Il secondo passo da compiere in presenza di difficoltà persistenti consiste nell’esaminare il passaggio suddividendolo in maniera differente, vale a dire preferendo la comodità esecutiva rispetto alla logica musicale. Se si dimenticano momentaneamente le esigenze espressive del compositore, ci si può focalizzare con maggiore attenzione sulla parte tecnica, e una concentrazione più efficace permetterà di isolare il problema e risolverlo riducendolo ai minimi termini.
Quella appena enunciata è modalità di studio che si discosta dalle raccomandazioni più volte espresse nelle nostre lezioni di avere come finalità ultima la musicalità, ma proprio in questo consiste il cambio di prospettiva, cioè nel capovolgimento del modo consueto modo di affrontare le difficoltà. Nel momento in cui si avrà la capacità i padroneggiare il passaggio in questione, non risulterà complicato riportarlo nella giusta prospettiva musicale.
Infine, il terzo step prevede di studiare a fondo l’altra mano, ovvero quella con il passaggio più semplice e di conseguenza quella di solito trascurata.
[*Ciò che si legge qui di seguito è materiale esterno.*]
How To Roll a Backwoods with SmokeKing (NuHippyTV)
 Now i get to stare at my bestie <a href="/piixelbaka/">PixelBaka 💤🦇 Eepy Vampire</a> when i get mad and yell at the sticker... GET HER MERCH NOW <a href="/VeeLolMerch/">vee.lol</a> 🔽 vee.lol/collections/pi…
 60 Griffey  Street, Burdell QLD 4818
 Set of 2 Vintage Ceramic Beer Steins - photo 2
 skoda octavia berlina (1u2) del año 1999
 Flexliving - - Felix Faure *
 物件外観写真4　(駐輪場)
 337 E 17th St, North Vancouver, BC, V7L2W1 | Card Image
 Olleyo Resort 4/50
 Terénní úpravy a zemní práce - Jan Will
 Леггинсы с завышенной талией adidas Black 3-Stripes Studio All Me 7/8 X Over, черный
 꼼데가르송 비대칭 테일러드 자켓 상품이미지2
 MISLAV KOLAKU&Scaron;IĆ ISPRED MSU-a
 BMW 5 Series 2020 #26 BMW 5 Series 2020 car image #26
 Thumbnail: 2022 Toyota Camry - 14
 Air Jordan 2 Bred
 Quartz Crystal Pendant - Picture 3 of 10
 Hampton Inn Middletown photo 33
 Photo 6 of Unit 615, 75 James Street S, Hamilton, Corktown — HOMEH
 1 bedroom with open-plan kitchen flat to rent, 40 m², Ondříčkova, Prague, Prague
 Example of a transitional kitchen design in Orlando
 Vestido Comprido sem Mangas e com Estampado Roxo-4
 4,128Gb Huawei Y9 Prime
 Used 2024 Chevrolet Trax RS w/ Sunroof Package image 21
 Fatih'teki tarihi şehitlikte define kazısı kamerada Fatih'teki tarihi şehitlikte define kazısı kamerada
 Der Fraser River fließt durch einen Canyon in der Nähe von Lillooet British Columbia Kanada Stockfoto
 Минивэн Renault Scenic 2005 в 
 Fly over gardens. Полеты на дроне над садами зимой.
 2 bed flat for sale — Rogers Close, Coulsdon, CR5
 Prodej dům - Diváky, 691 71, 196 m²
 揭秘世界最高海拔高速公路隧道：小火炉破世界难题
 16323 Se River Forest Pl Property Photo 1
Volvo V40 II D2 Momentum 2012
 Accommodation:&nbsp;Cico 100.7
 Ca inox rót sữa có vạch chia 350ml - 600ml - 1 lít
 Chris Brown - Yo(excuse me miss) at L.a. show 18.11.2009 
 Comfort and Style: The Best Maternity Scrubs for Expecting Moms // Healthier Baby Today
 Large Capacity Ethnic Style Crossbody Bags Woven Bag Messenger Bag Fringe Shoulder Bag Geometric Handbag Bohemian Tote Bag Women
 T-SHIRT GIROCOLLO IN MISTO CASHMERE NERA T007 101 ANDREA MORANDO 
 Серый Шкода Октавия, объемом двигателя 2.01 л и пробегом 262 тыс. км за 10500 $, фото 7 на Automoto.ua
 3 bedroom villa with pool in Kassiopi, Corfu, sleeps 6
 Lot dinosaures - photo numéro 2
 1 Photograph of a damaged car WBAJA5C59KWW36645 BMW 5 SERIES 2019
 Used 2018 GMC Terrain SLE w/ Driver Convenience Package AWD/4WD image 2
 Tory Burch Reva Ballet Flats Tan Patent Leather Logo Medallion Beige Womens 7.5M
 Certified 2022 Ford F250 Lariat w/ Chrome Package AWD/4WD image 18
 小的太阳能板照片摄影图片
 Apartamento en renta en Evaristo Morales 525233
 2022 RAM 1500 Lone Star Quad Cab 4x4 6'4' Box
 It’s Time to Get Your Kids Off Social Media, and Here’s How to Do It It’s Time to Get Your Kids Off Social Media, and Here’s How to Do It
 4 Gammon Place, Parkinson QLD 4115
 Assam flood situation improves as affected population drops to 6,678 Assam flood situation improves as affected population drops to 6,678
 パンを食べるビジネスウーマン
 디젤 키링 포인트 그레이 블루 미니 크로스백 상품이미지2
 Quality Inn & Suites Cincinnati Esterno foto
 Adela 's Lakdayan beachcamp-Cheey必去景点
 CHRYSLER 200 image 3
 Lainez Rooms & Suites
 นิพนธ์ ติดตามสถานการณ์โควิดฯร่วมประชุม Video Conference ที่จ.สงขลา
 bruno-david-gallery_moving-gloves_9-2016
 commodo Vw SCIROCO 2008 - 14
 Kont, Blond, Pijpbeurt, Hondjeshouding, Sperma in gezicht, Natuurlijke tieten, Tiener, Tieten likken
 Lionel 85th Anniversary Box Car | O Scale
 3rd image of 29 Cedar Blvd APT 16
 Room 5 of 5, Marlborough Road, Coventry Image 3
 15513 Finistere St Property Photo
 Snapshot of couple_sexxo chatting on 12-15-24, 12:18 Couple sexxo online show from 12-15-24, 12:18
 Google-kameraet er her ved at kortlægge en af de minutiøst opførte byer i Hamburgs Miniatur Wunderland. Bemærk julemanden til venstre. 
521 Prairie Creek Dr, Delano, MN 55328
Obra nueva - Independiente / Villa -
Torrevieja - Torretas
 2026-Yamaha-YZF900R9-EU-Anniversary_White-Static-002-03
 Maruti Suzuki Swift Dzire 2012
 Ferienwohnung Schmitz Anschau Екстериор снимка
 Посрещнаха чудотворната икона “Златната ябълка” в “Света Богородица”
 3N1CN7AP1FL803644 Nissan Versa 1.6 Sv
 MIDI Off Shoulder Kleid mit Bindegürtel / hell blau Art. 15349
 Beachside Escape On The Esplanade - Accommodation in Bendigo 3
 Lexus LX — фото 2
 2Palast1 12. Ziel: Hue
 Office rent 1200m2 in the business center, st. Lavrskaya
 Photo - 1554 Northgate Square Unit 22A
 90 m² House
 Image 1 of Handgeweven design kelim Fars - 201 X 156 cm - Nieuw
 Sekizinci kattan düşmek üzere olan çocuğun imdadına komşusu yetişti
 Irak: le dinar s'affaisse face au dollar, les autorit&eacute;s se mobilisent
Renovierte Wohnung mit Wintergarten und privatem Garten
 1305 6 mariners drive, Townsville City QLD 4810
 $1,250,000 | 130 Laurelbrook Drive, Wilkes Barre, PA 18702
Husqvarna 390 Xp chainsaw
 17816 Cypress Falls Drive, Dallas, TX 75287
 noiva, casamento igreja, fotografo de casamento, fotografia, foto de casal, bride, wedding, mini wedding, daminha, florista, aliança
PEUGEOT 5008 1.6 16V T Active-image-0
Una esecuzione sicura esige il funzionamento compiuto di ogni elemento e in molti casi, affinando una parte, automaticamente si sistema anche l’altra; questo perché, trasferendo l’attenzione all’altra mano, si riduce l’ansia prestazionale, troppo spesso fonte di innumerevoli problemi tecnici. Infatti, talvolta il principale nemico è da ricercare in sé stessi, nella propria paura dell’errore, che mina la propria sicurezza e compromette inevitabilmente l’esecuzione. Qui si entra in ambito più prettamente psicologico che pratico, che non può essere trattato in questo contesto in questo contesto. Esistono numerosi libri che trattano in maniera specialistica questo argomento, alcuni veramente validi, qualcun altro del tutto inutile. Affrontando l’argomento, in ogni caso, bisogna sempre partire dal presupposto che la musica è in grado di curare l’anima meglio di qualunque parola o indicazione.